Mastercard announced yesterday that it is partnering with Levi Strauss & Co., Marks & Spencer, VF Corporation and the Business for Social Responsibility (BSR) to pay garment factory workers digitally, per a corporate press release.
Mastercard and its partners are organizing pilot programs in Egypt and Cambodia in which participating factories can deposit workers wages directly into their accounts and workers can access the funds via debit or prepaid cards.
Approximately 230 million adults globally collect their wages in cash, per the release.
Mastercard drove home the point that workers not only need savings and earnings transparency, but marginalized workers need to have safeguards against theft and inadequate emergency savings.
"At Mastercard, our vision is to ultimately build a new ecosystem of partners – garment industry, technology, not-for-profit organizations, factories, banks – that work together to deliver social impact at scale," Sue Kelsey, executive vice president of prepaid solutions at Mastercard, said in a statement.
Levi Strauss & Co., Marks & Spencer and VF Corporation are just the latest brands to examine issues regarding factory workers.
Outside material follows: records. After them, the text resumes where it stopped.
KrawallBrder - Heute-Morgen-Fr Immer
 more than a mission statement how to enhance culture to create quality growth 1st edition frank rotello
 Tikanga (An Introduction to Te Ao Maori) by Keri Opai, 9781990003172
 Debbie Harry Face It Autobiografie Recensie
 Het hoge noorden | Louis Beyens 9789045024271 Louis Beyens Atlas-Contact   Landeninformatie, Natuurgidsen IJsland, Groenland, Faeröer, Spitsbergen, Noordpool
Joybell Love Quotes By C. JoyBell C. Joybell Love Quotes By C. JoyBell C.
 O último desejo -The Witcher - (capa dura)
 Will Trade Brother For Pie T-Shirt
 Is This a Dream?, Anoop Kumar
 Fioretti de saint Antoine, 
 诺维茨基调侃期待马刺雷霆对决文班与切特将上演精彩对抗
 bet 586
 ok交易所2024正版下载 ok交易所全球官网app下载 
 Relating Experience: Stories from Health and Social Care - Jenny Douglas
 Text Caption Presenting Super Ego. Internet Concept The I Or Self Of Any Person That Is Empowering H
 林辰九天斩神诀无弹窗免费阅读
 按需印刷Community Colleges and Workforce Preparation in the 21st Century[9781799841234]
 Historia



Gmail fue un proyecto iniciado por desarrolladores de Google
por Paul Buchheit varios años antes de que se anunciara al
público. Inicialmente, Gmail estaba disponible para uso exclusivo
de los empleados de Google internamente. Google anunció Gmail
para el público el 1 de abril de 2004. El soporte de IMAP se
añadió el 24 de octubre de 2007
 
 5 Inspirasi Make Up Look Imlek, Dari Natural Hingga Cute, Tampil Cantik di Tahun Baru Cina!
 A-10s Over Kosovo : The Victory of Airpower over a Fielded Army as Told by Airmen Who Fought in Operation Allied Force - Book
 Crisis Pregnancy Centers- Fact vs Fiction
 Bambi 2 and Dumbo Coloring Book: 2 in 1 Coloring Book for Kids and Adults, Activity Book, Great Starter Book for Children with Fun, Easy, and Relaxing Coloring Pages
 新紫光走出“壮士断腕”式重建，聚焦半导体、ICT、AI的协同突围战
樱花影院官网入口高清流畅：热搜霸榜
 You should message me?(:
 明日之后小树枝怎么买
In August, Asos stepped in when it learned that a supplier deprived workers, many of whom were migrants, of electricity, water and food allowance. Meanwhile, H&M introduced more product transparency details on online garment sales earlier this year.
It's worth noting that American retailers have had issues of their own, including a labor shortage and stagnant wages for some time. While Amazon faced recent backlash from workers in Minnesota and Walmart has tried to address protection issues of workers in its supply chain, it's unclear whether retailers have done enough.
As Mastercard partners with brands to provide financial services for workers abroad, the credit card issuer has made other significant moves this year, including its collaboration with Samsung to safeguard digital identities and its acquisition of fintech company Ethoca.